Ben Hagari’s “Potter’s Will” melds multiple concepts in a contemplative and organic way, positing the relationship between the process of making pottery, video art and religious understanding of the cycle of life from a Christian perspective. The installation, titled Rose Video 08 and which can be found in the Rose Video Gallery starting Feb. 12, has two parts: one which is a video of a potter’s work space, which is laid directly on top of a potter’s work space that is on display. The video first begins as Paul Chaleff transforms a misshapen lump of clay into a pot with perfect proportions, and all the while the potter’s wheel is still and the surroundings are rapidly turning. The video then shows the conversion of the pot into a human being, like that of the first humans who, according to one Christian version of the story, were formed from clay. Various religious references are also incorporated, such as the serpent that tempts Adam and Eve and Khnum, the Egyptian god who utilized clay to form his newfound creations, as well as the four elements, shapes and the tail-biting snake.

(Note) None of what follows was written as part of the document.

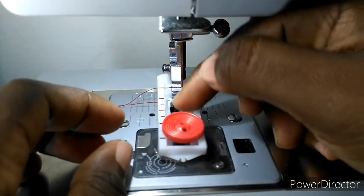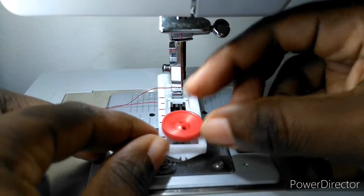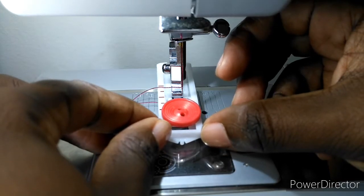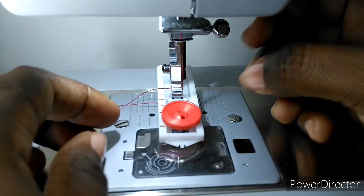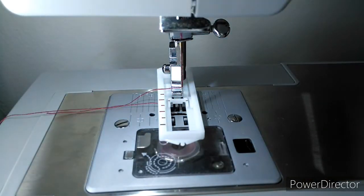First, position your needle in the middle. Take off your all-purpose sewing foot and attach the buttonhole foot. Measure the diameter of your button and add 1/8th of an inch to that measurement.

As a response to the more recent Ford Hall movement, the Rose introduced an exhibition titled “Rose #FordHall2015,” as of Dec. 3, as a way of making Brandeis’ campus more aware of racial prejudice and continue a conversation about racial inequality. The exhibition, which is located in the Mildred S. Lee Gallery, has workshops and discussion sessions in order to determine how to make Brandeis, and the world, a more just place.

Lucky for Brandeis students, the curators of the Rose Art Museum persistently attempt to diversify the work on display; the age old image of an art museum as a gallery, with an endless array of paintings hanging on the walls, continues to be challenged. Art comes in a great many forms, some of which can be experienced in our own backyard. There’s no telling what will come next.